History of Creative Industries is Increasingly Born Digital 

The report illustrates the ongoing major shifts relevant to the records of cultural production. This has huge implications for special collections work that involves acquiring the archives of creative industries. At this point books are a key case study in this shift, but the same is true for photography, film, the performing arts, music, etc. Creative production has become almost an entirely digital set of workflow process and the future of archives of industries and creators in these media will involve engaging with these increasingly born digital content streams. 

Variance Abounds Across Digital Instantiations of Works

The report includes a series of examples of how and where variances enter into the workflows and processes as various stakeholders “touch” book files over the course of their production and the varied output files that are produced. The example of my book cover is in this case not an outlier, it’s  another example of kinds of variances that enter into the management of books as digital assets. In that cloud of files, it becomes increasingly difficult to talk about a definitive or authoritative copy of a work. My sense is that this issue of variance is going to become increasingly important for libraries, archives, and museums to figure out. On that front, I think some of Cathy Marshal’s work and  Richard Rinehart and Jon Ippolito’s work is relevant for further exploring this issue.

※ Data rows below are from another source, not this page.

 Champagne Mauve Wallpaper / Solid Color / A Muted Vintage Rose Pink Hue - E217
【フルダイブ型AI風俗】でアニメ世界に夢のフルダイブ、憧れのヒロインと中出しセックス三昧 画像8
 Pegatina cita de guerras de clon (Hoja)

In Digital Copies and a Distributed Notion of Reference in Personal Archives Cathy Marshal explores the various kinds of copies and derivatives that people produce in managing and sharing videos and photos. Below is a map of the kinds of variances she observes.

Ultimately, Marshal argues for the need to step back from thinking of their being a canonical instance of a work and to instead embrace that what we are going to end up with is varied copies that instantiate important differences as those copies take on lives of their own. Significantly, this means stepping bak from the notion of “derivatives” to instead see each copy of a work as contributing to a distributed notion of it.

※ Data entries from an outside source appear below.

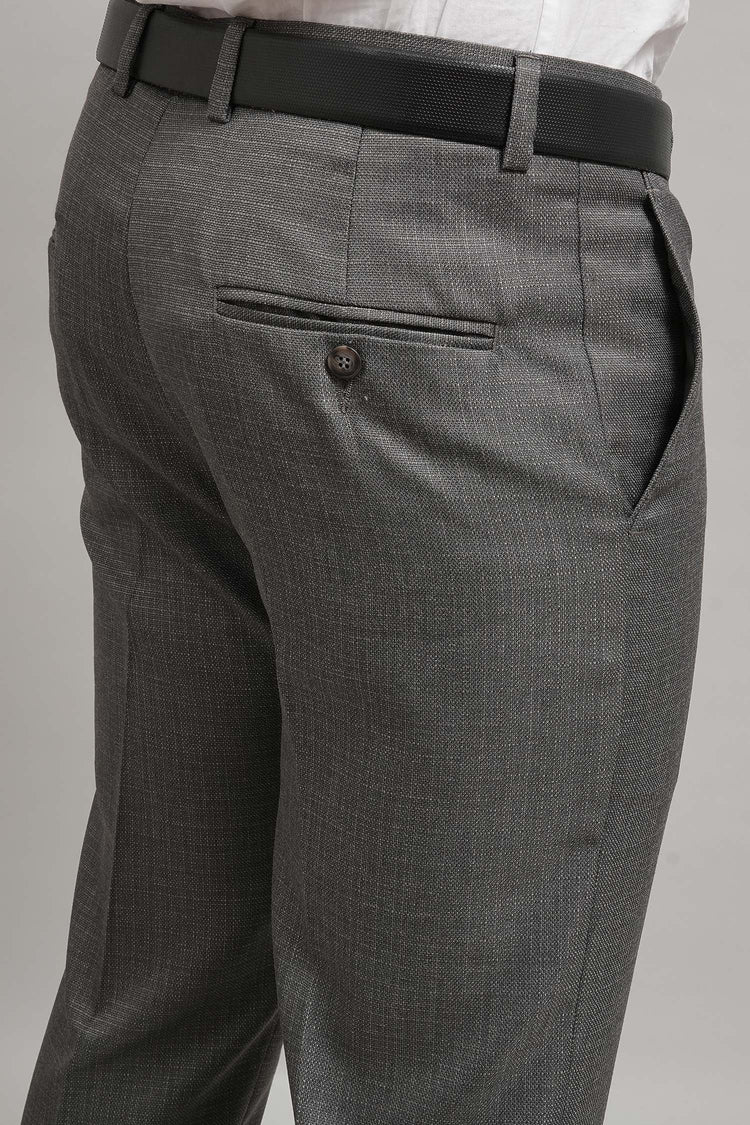 Bluebird Men's Charcoal Dark Grey Jute Trouser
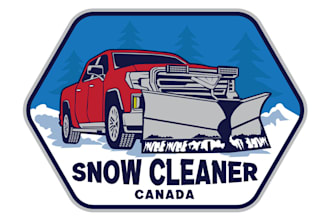 design high quality snow removal logo with my fastest delivery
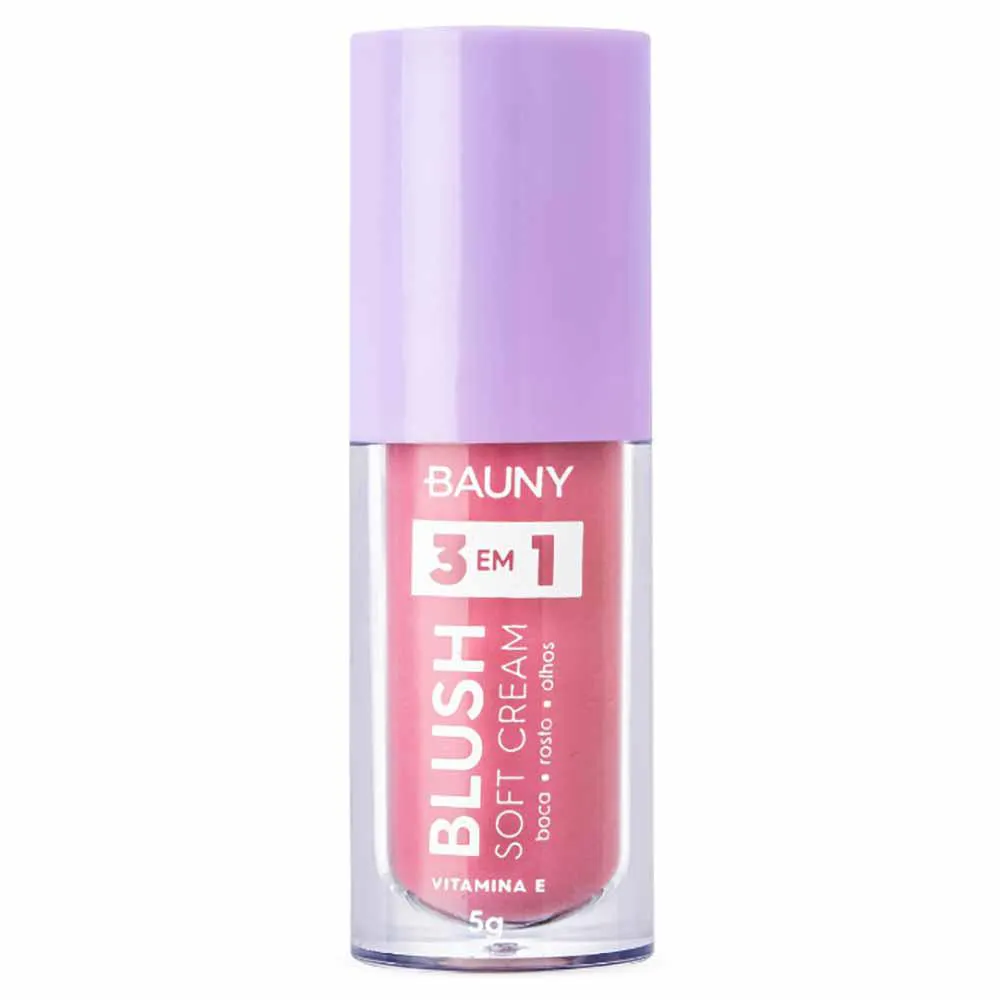 Blush Líquido Bauny Soft Cream 3 em 1 5G Dreamy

I think Marshal’s observations are relevant for thinking forward about how we likely want to approach all kinds of digital creative workflows; “we will not only want to see copies, but we‘ll also want to harmonize them, to harvest their metadata, to select among them. Instead of relying on a simple notion—the truth is in the cloud, embodied as a single reference copy—we will want to expand our sense of what is entailed by the notion of a reference copy and turn to a distributed, social model.”

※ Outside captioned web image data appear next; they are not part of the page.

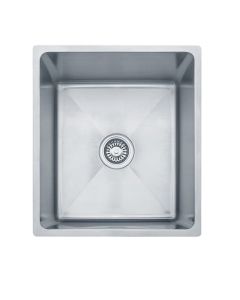 Franke PSX110168 Professional 19" L X 17" W X 7" D Undermount 16 Gauge Single Bowl Kitchen Sink in Stainless Steel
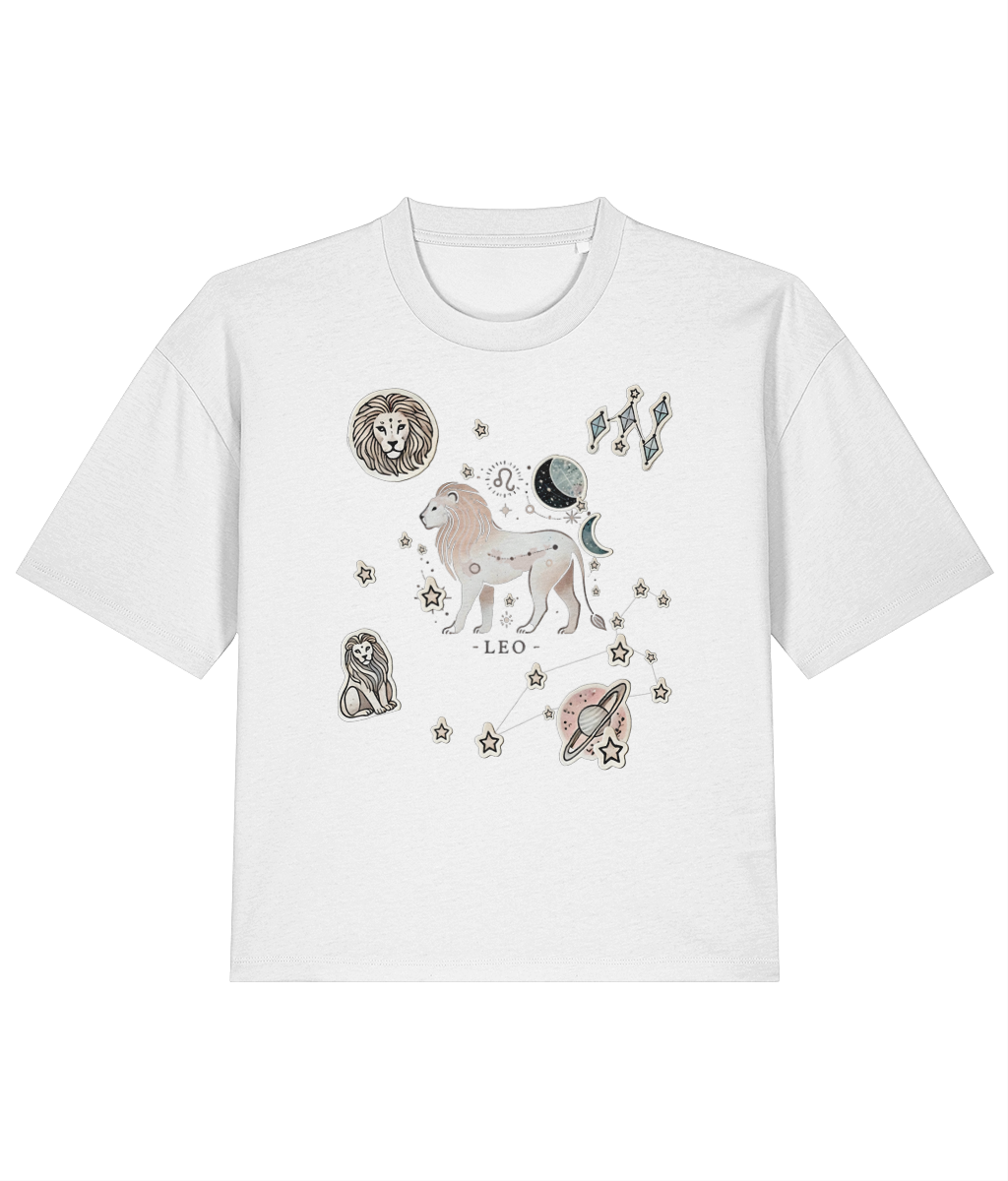 Astrological Leo Tee Boxy Tee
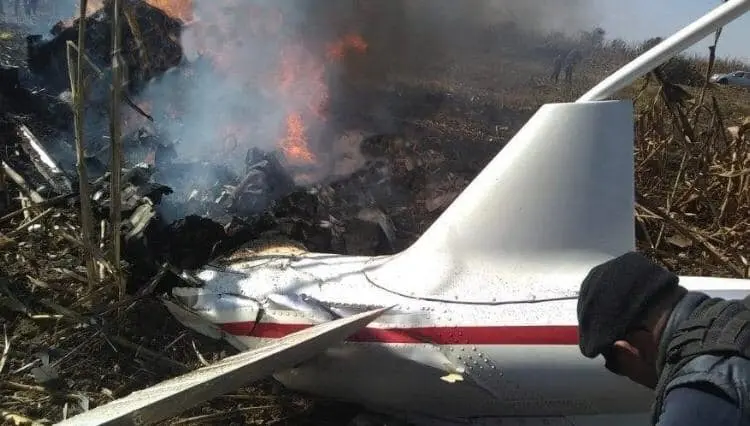 Imagen del desplome de la aeronave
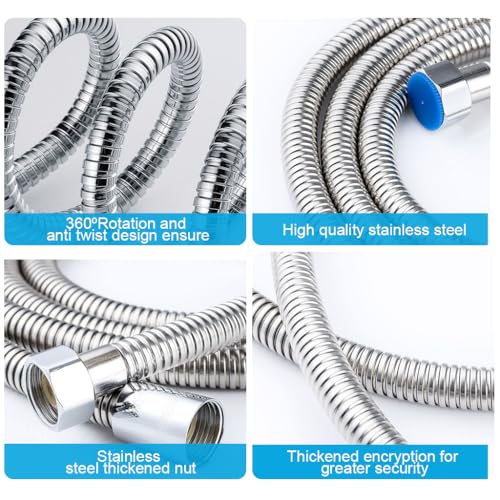 HASTHIP® 2-Piece -59 inch Stainless Steel Metal Hose Inlet and Outlet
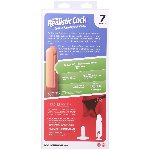Фалоімітатор Doc Johnson The Realistic Cock ULTRASKYN - 7 Inch Chocolate - мініатюра 11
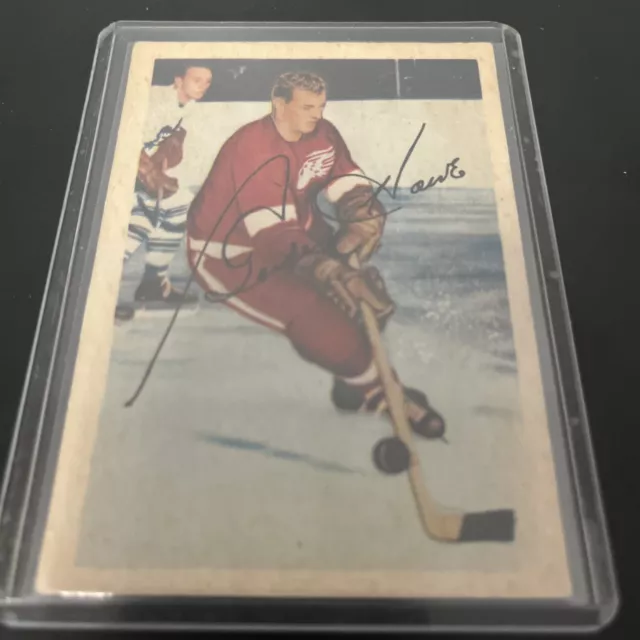 Gordie Howe 1953-54 Parkhurst #50. Mr Hockey. HOFer . Detroit Red Wings.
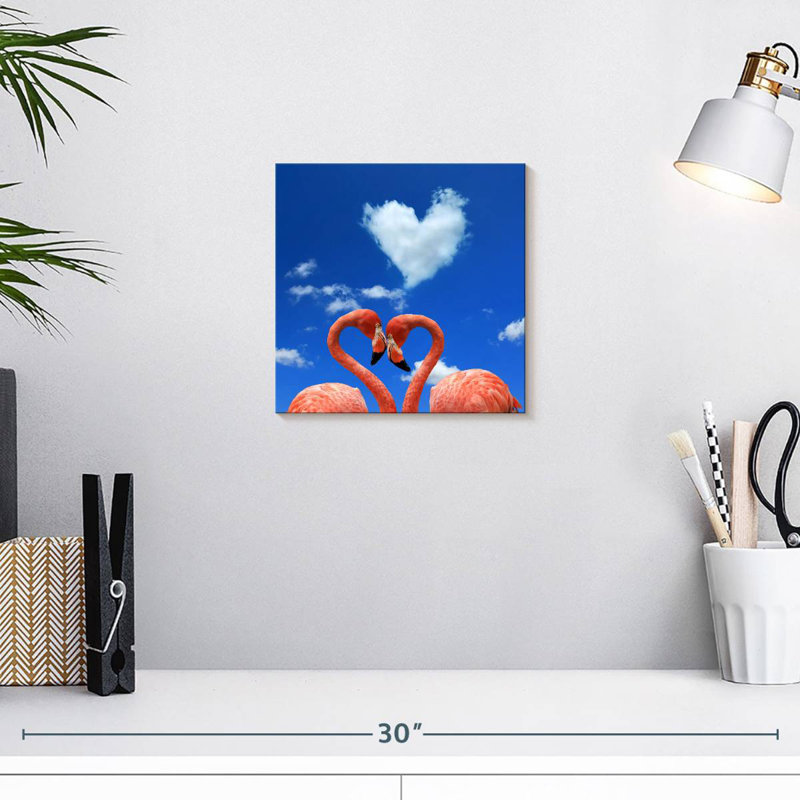 Crowle Flamingo Love In The Air, H 10 po x l 10 po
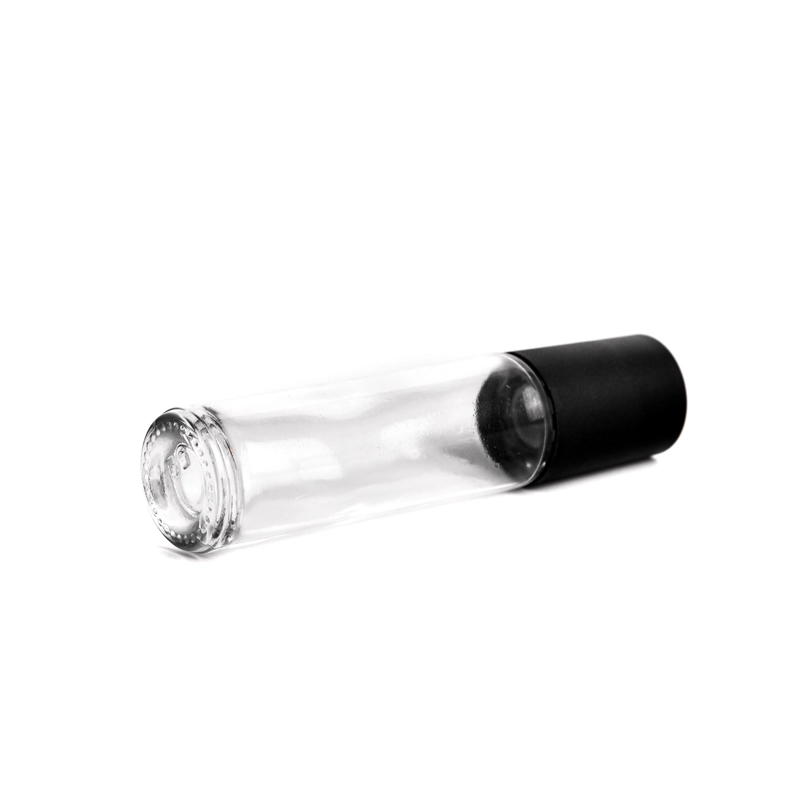 Clear Glass Bottle with Black lid Small Capacity Perfume Essential Oil wholesale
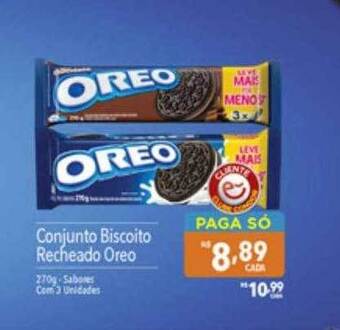 Conjunto biscoito recheado oreo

In Re-collection: Art, New Media, and Social Memory  Richard Rinehart and Jon Ippolito also take a run at the idea of a canonical master file for any given work. They suggest that with digital media, in many cases instead of thinking about a master file it’s more important to be looking for what they call “mother files;” the editable files that enable a wide range of outputs. You can see more on their thinking in the pull quote from the book below.

Altogether I think the report makes for a great read and I think it helps to draw out some major issues facing libraries and archives for the future. More and more of the material of culture is digital from the start. The issues faced by the proliferation of variance and copies still something that we have a long way to go to fully understand and integrate into how we think about our work.

I’m curious for thoughts any and all of you have about the questions the report brings out.